Phantom wealth of course refers to speculative traders who dabbled in derivatives, irresponsible residential mortgage lending, buying into asset bubbles and so on. Speculative trading resulted in the illusion of phantom wealth, nothing of true value being created.  Only about 3% of US money supply, for example, is in the hard currency of coins and dollars – the rest sits in paper accounts, promissory notes or on computer screens. US banks hold over $180 trillion in derivatives (basically a speculative wager).

We were lolled into a false sense of comfort because the economic mirage constructed helped us to buy the McMansion, afford THE BRANDS, get easy credit. At the same time, the corrupt practices of Wall Street led to devastation of the environment and social capital as we became more individualistic and selfish. We ignored our locality, preferring to hop on the globalisation gravy train. We lost traditional skills and crafts as we outsourced to China. We were duped by the notion that Wall Street (supported by Government) could create fat cats with enormous wealth and that this wealth would trickle down to Main Street so that we would all prosper and be happy. But we ended up grovelling at the door of private banks.

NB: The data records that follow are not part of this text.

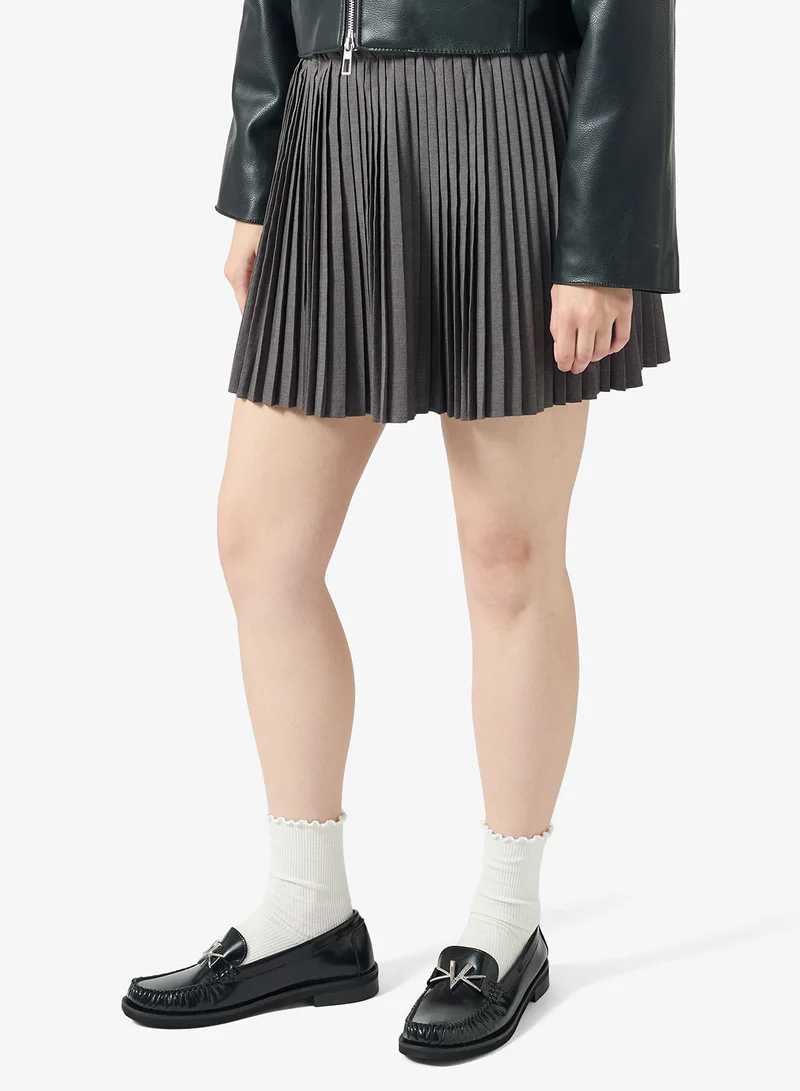 VALENTINO BY MARIO VALENTINO  Bow detail close toe Mocassin for Women | Best Price UAE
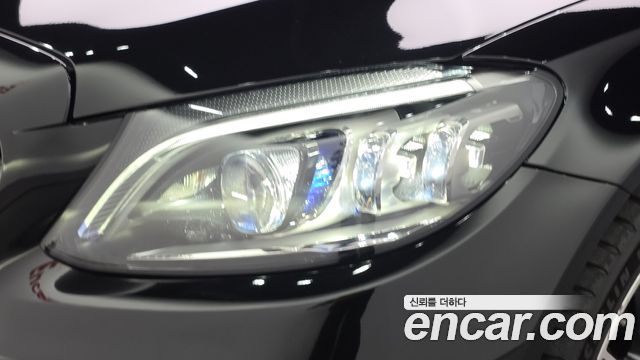 Mercedes-Benz C-Class 2023 — photo 8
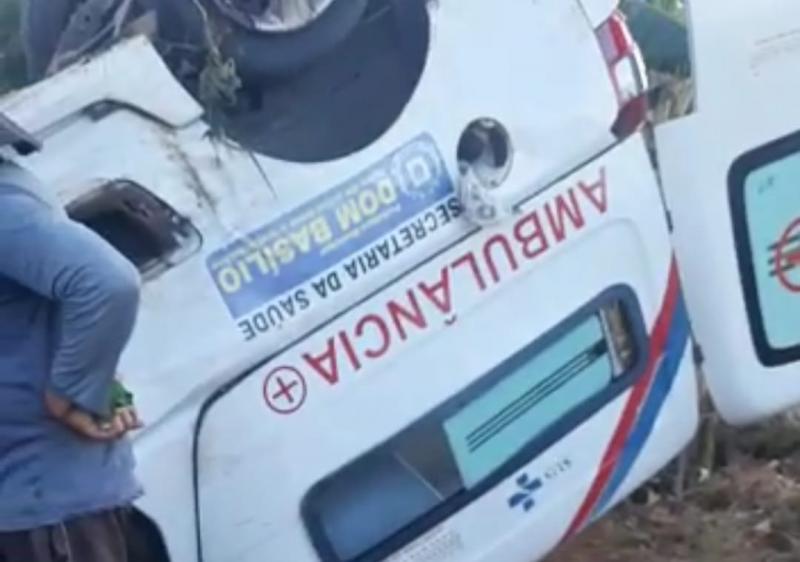 Ambulância da prefeitura de Dom Basílio tomba após tentar desviar de ciclista na BA-148 em Brumado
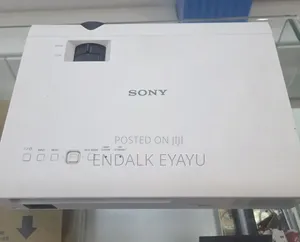 Sony Projector VPL-Dx100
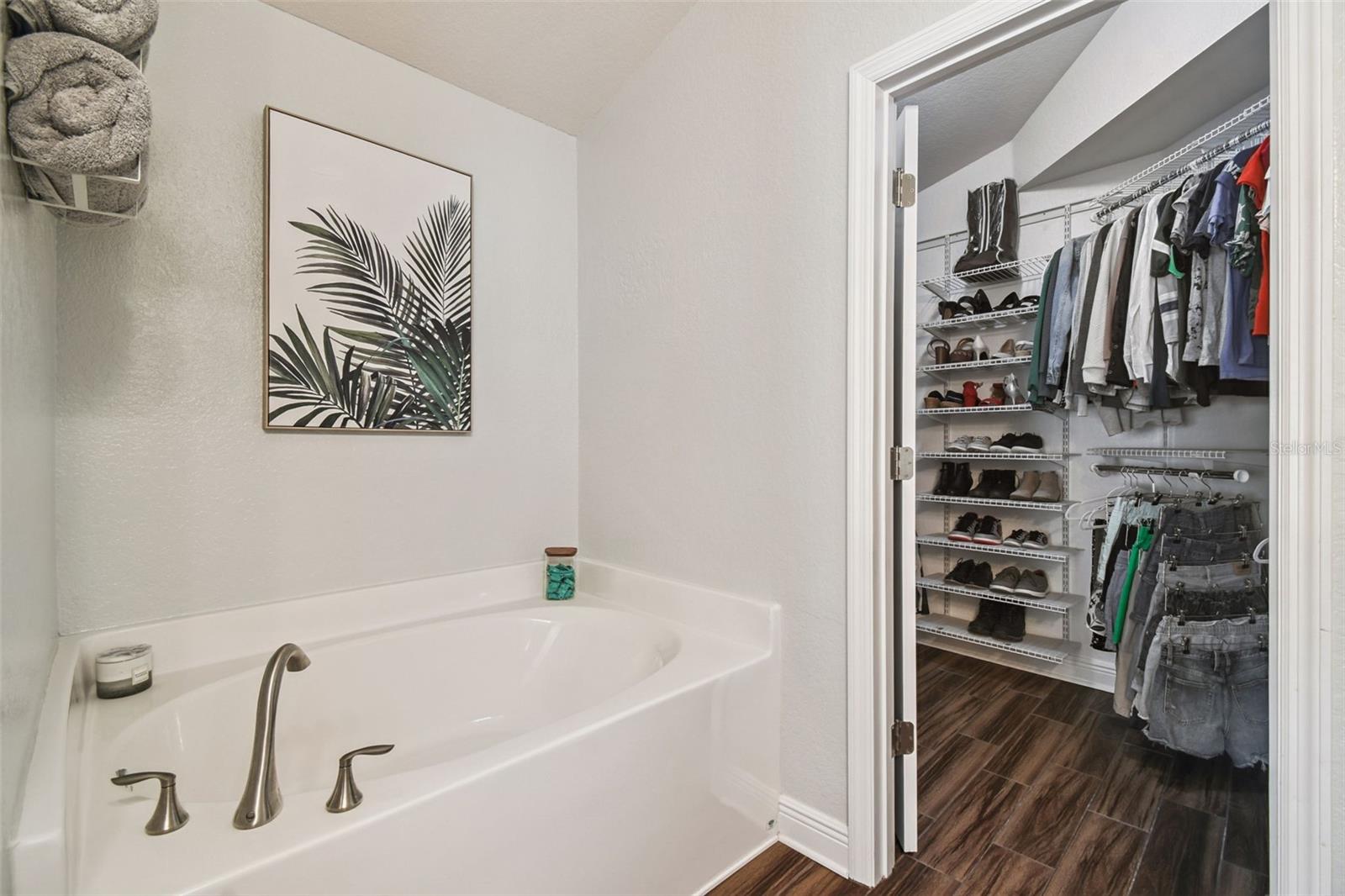Listing photo id 17 for 9638 Jaybird Lane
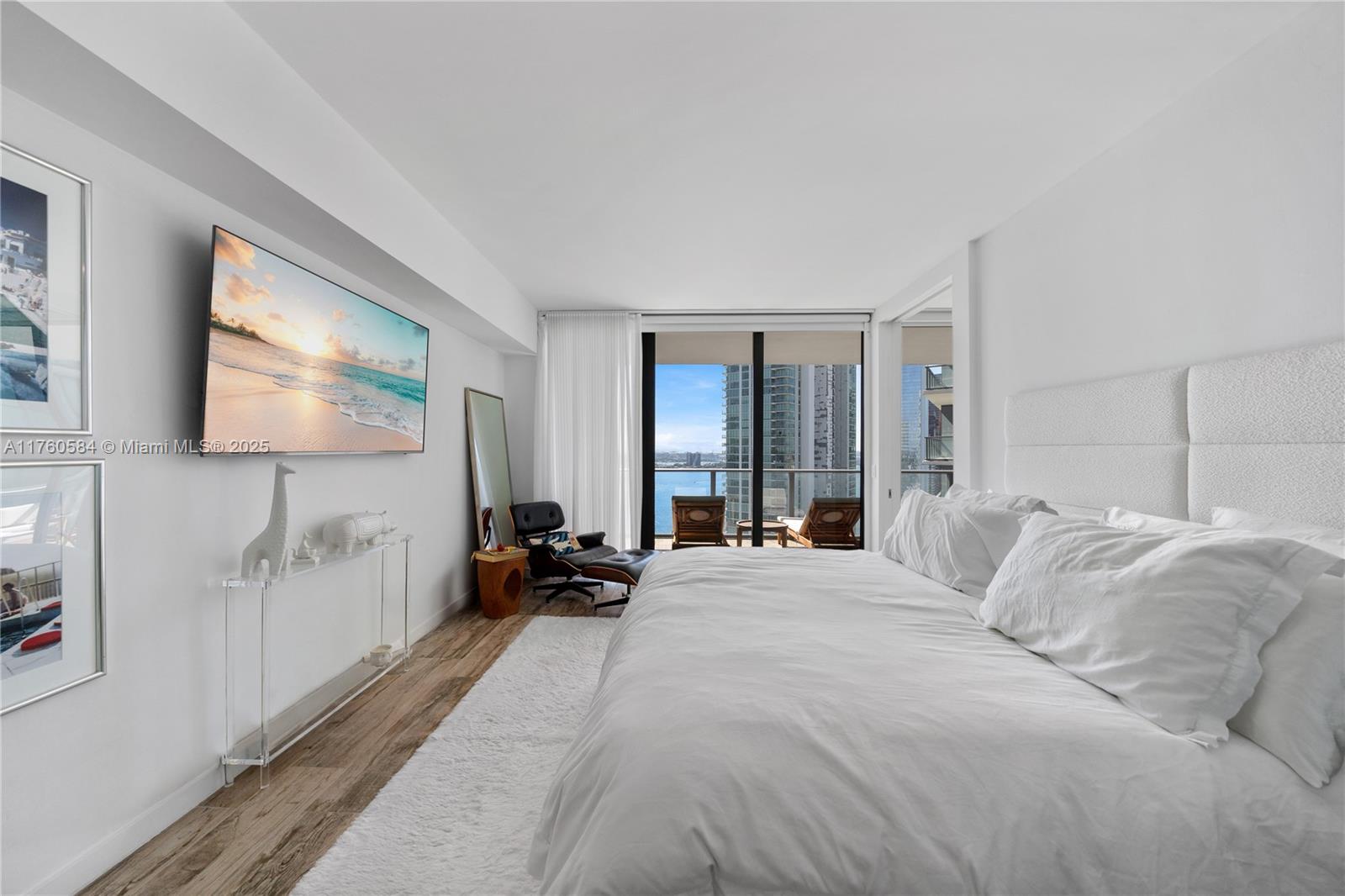 Paraiso Bay 3101
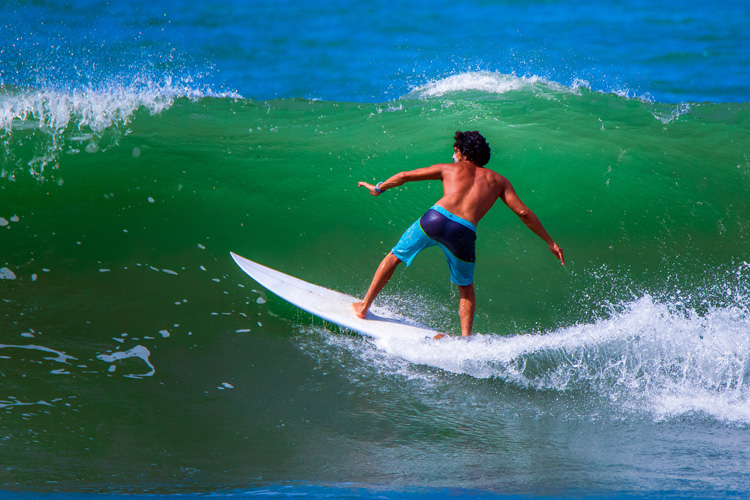 Surfing stance: learn how to position your feet and body while riding a wave | Photo: Shutterstock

From the reviews I’ve read, seems that the book questions our current values. For the last 30 years or so, the world has been built on financial values – shareholder profits, increasing wealth, resources flowing into an economy – and not values that would benefit each and every one of us such as health and well-being, a protected and nourished natural environment, happy families and communities. So the book calls for a shift to a locally-based, community oriented economic model in which local resources such as water, food and energy are captured and shared beneficially for all. It calls for civic organisations to emerge and thrive, allowing for the entrepreneurial spirit of Main Street to be unleashed.

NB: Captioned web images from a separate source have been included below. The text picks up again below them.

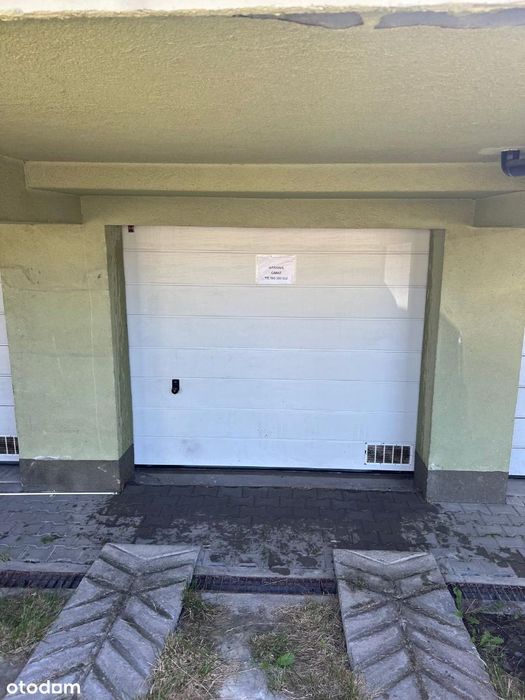 Garaż dwustanowiskowy 31m2, Psie Pole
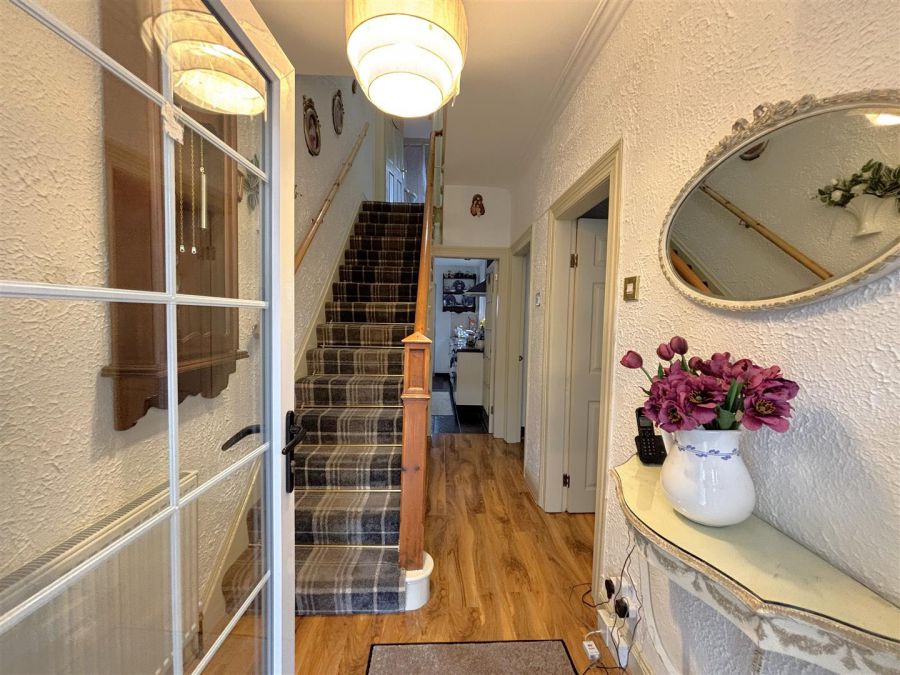 37 Willowbank Gardens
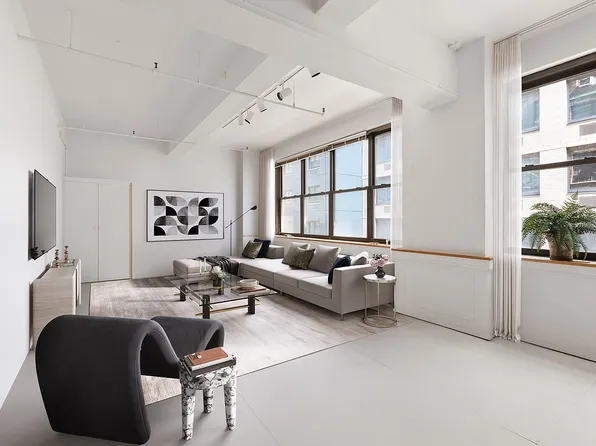 335 W 38th St APT 4, New York, NY 10018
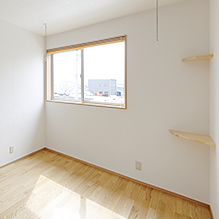 多目的ホールは洗濯室内干しスペースに使えるようフックを設けてあります。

Local, independent co-ops, local farmers’ markets, local ownership of local businesses and community owned banks is the economic model of the future I hope for. Along with better physical and social infrastructure.  But Obama has essentially surrounded himself with Wall Street advisors. Will the Prez of Hope & Change hear the call of Main Street? Korten wrote an alternative inauguration speech for Obama, which outlines a new economic model. You can read it on Alternet.

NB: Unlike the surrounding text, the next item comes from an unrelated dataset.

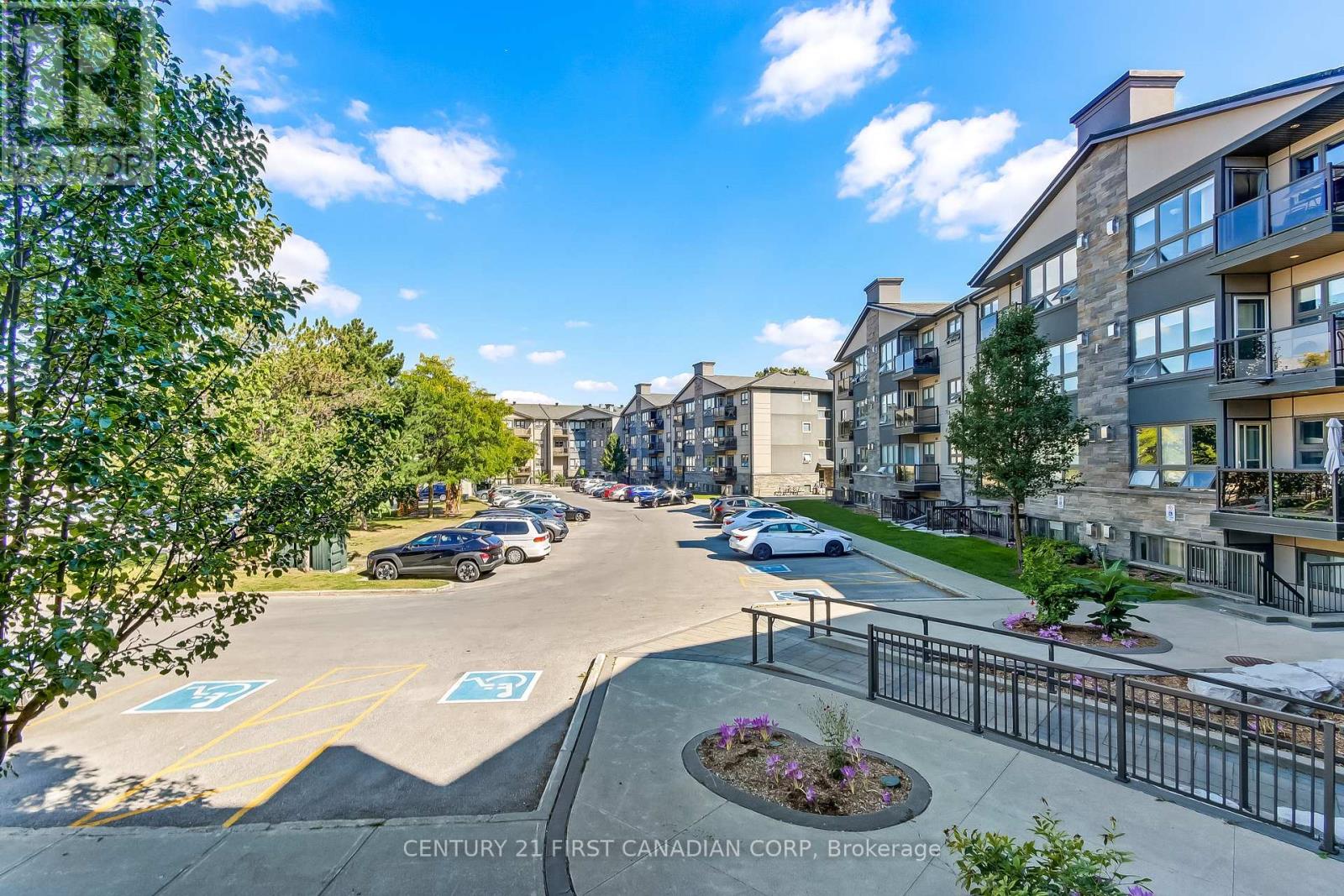 210 - 5 Jacksway Crescent Property Photo 16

And here’s a sobering fact for us: the bailouts so far have cost (wait for it) – US$$4.6165 trillion. How on earth can you conceptualise such a humongous amount of money? Here’s how:

  • Marshall Plan: Cost: $12.7 billion, Inflation Adjusted Cost: $115.3 billion
  • Louisiana Purchase: Cost: $15 million, Inflation Adjusted Cost: $217 billion
  • Race to the Moon: Cost: $36.4 billion, Inflation Adjusted Cost: $237 billion
  • S&L Crisis: Cost: $153 billion, Inflation Adjusted Cost: $256 billion
  • Korean War: Cost: $54 billion, Inflation Adjusted Cost: $454 billion
  • The New Deal: Cost: $32 billion (Est), Inflation Adjusted Cost: $500 billion (Est)
  • Invasion of Iraq: Cost: $551b, Inflation Adjusted Cost: $597 billion
  • Vietnam War: Cost: $111 billion, Inflation Adjusted Cost: $698 billion
  • NASA: Cost: $416.7 billion, Inflation Adjusted Cost: $851.2 billion

TOTAL: $3.92 trillion

Okay, so that means the bailouts to date have cost more than all of the above COMBINED. Unbelievable. I found these figures on Global Research when I was trying to find a way to conceptualise how much this is costing.


Entry filed under: Economics. Tags: , , , .

It’s been two years Treated like terrorists

2 Comments Add your own

  • 1. Paris  |  January 27, 2009 at 8:41 pm

    Who cares? anyone else but those with money=power…
    So no government, nor any exectuve is going to ASK for a major change.

    Bailouts, G20 or Davos speeches will only deal about cosmetic changes of our economical system.
    It’s only the people (from its ancient latin meaning) which has the theoretical power to change things.
    But I guess we’re already on a Roman scenario (Empire period before the fall): the mass people largely fed and entertained, has no more incentive, nor will to take any politic action.

  • 2. thinkingshift  |  January 27, 2009 at 10:44 pm

    Hi Paris

    The last days of the Roman Empire were spent watching gladiators tough it out with wild animals in the Colosseum; Romans having lavish parties; Romans celebrating the torture of wild animals in gladiator fights. The decline of the Roman Empire was accompanied by a populace more interested in blood sports and having a good time.

    A parallel with our own times perhaps? Are we more interested in the good life; cricket; football; soccer; accumulation of wealth? Meanwhile, our consumerist empire is crumbling around us.